The BBC ordered a seven-episode second series on 27 September 2012 due to good ratings. On 18 September 2013, the BBC announced that the second series would air on Friday nights in the prime-time 9.30pm slot from 4 October.

In an interview with The Guardian, Adil Ray stated: "What I've intended to do with Citizen Khan is a good thing – to make Mr Khan a good character, to make him universal and a communication between different communities."

Series 3 of Citizen Khan gained an audience of around five million per episode, including iPlayer views. Ahead the Series 4 debut in October 2015, Vicky Power of The Daily Telegraph stated: "It's harmless, friendly fun for the whole family." Series 4 of Citizen Khan made its debut on 30 October 2015. The series attracted a record 3.3 million viewers.

Citizen Khan has been exported to Australia, India, Russia, Bulgaria and New Zealand, spawned Christmas specials and prompted a UK-wide "live" tour of regional theatres. Speaking to The Daily Telegraph in 2015 ahead of the launch of series 4, Adil Ray stated that fans of the show realise it is a "big laugh out loud comedy, not a reflection of every Muslim or Pakistani family in the country."

From Series 4, the role of Shazia Khan was taken over by Krupa Pattani, replacing Maya Sondhi.

Ray reported that he received death threats for the show, including one threatening a riot. He has stated that his influences came from comedies such as Only Fools and Horses and Fawlty Towers that were aimed at family audiences, and his desire for families of all backgrounds to be able to see elements of Khan's character in their father figure. Ray has claimed that for every complaint he had over a scene in which Khan's daughter Alia hurriedly covers her head in the presence of her father, he received ten messages from Muslims, Catholics and Jews relating to the experience of a child behaving similarly.
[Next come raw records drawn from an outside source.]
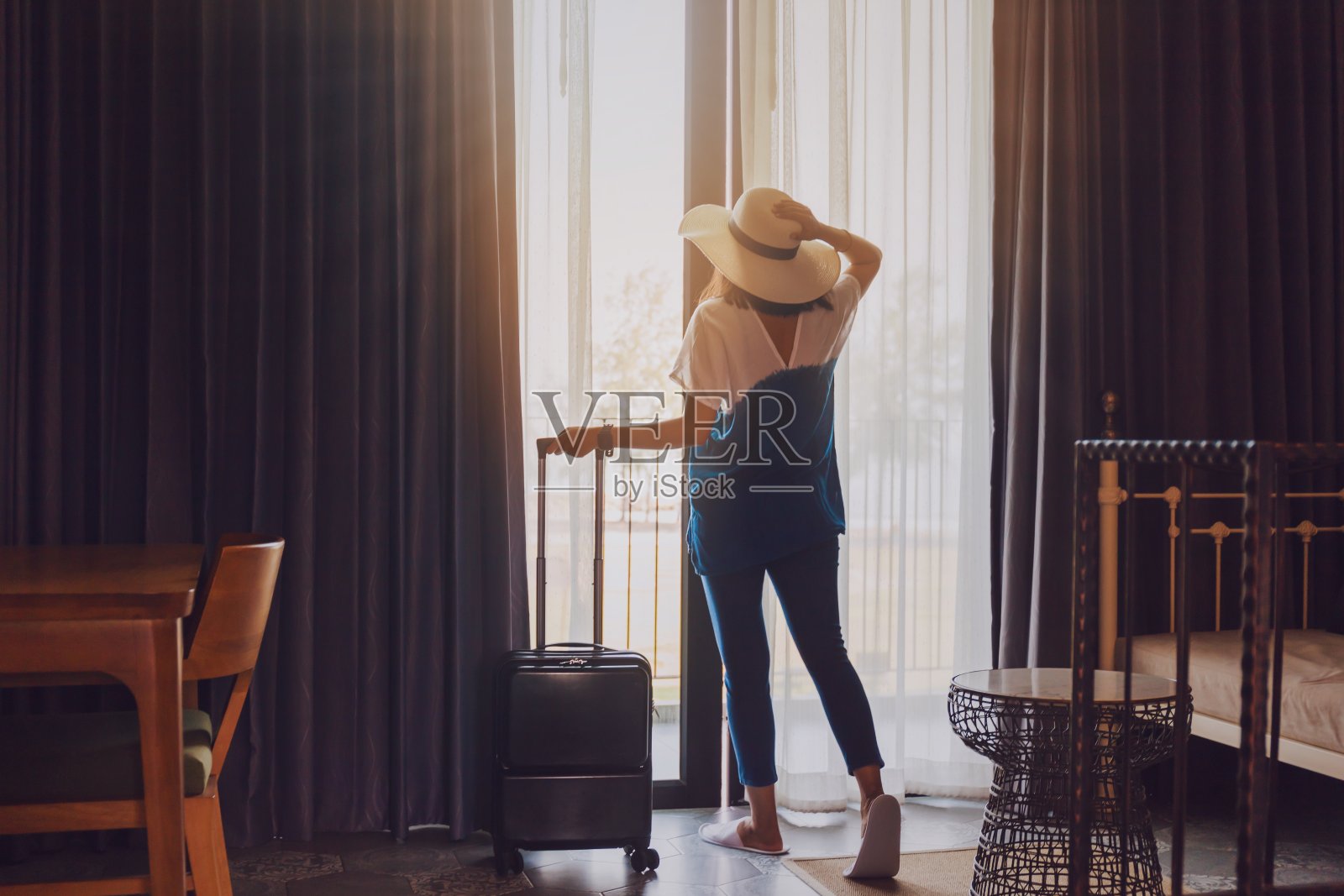 亚洲女性拿着行李住在酒店房间里。打开房间的窗帘和门，看看外面的景色。假日旅游概念。复古的基调。照片摄影图片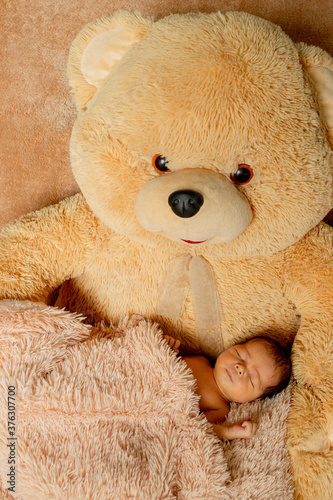 Two week old newborn baby sleeping on teddy bear © volody10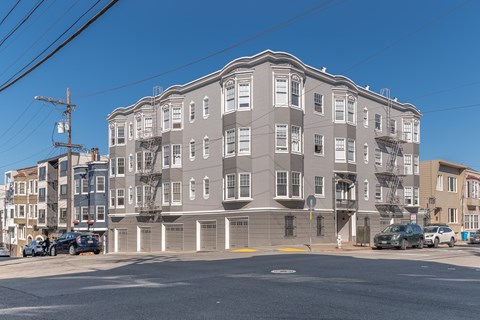 A large grey building with a flat roof and a yellow line in front of it.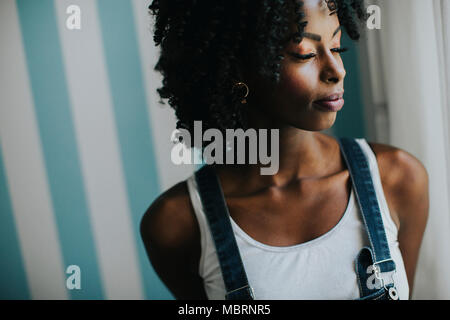 Pretty young african american woman posing in jeans pantalons par le mur dans la chambre Banque D'Images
In April 2016, the show was condemned in parliament by Rupa Huq, the Labour MP for Ealing Central and Acton, who called its portrayal of a Birmingham Muslim family "quite backward".

In June 2021, Ray was in a debate on Good Morning Britain about "woke" comedy rows, and stated that the BBC was thinking about making a Christmas Special, but conversations would need to be had about the content and 'offensive stereotypes'.

==Awards==
- 2014 – Royal Television Society, Best Performance in a Comedy – Adil Ray
- 2014 – Royal Television Society, Best Comedy Programme – Citizen Khan
- 2013 – Asian Media Awards, Best TV Character – Citizen Khan
- 2013 – Royal Television Society, Best Performance in a Comedy – Adil Ray
- 2013 – Royal Television Society, Best Comedy Programme – Citizen Khan

==Appearances==
The character of Mr Khan has made appearances at Children in Need 2014 (in which he appeared as a guest in the EastEnders pub), The Queen Victoria, Comic Relief 2015, (in which he joked he was hoping to be considered for Jeremy Clarkson's job at Top Gear), the FA Cup Final 2015 (supporting local Birmingham team Aston Villa), and in October 2015, took over the train announcements at Birmingham New Street station for an hour. On Friday 18 November 2016, the cast of Citizen Khan made an appearance on Children in Need in a live sketch, Citizen Khan v Citizen Kane, in which they were joined by comedian Russell Kane and his family for a dance off. On 11 March 2017, Adil Ray appeared as Mr Khan on Let's Sing and Dance for Comic Relief as a judge.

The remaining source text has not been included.